# The data
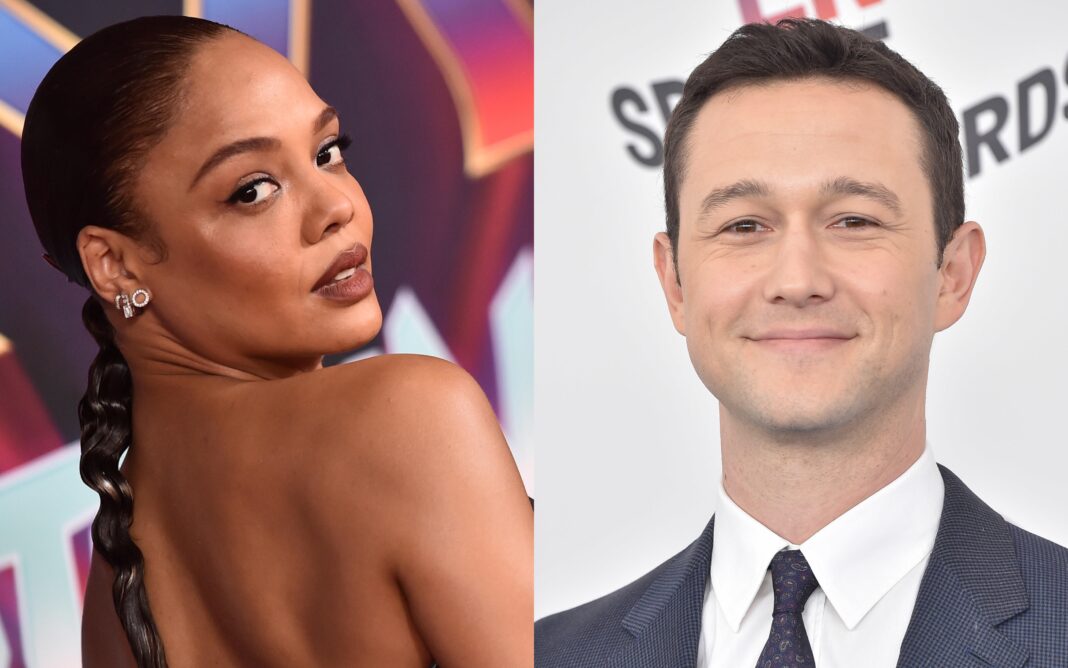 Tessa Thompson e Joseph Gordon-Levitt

==

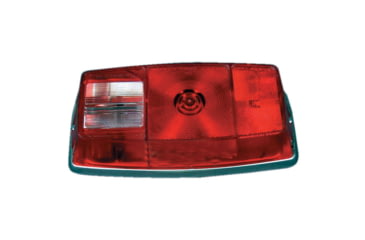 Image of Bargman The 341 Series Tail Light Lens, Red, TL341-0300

--

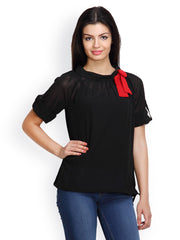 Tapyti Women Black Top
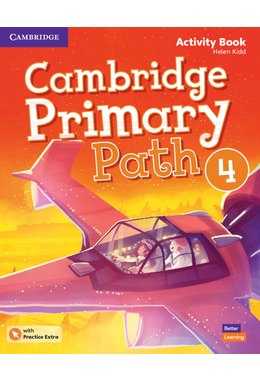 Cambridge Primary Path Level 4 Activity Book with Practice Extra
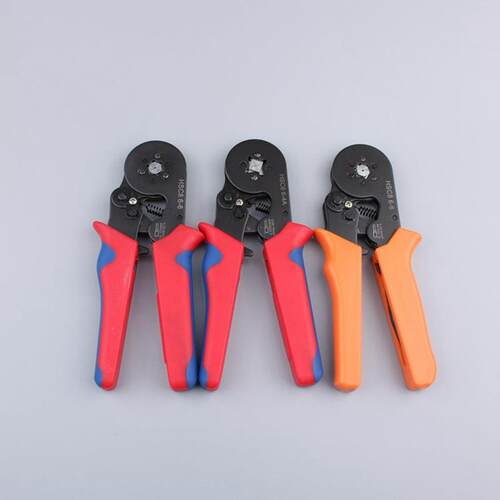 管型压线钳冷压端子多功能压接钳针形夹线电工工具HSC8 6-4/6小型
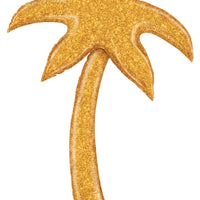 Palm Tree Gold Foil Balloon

# What you need to do
Look through the listing above for the line with "Cambridge Primary Path" and the line with "Palm Tree Gold Foil Balloon". Write out exactly those lines and everything between, leaving out pictures.

# Response for this exercise
 Cambridge Primary Path Level 4 Activity Book with Practice Extra
 管型压线钳冷压端子多功能压接钳针形夹线电工工具HSC8 6-4/6小型
 Palm Tree Gold Foil Balloon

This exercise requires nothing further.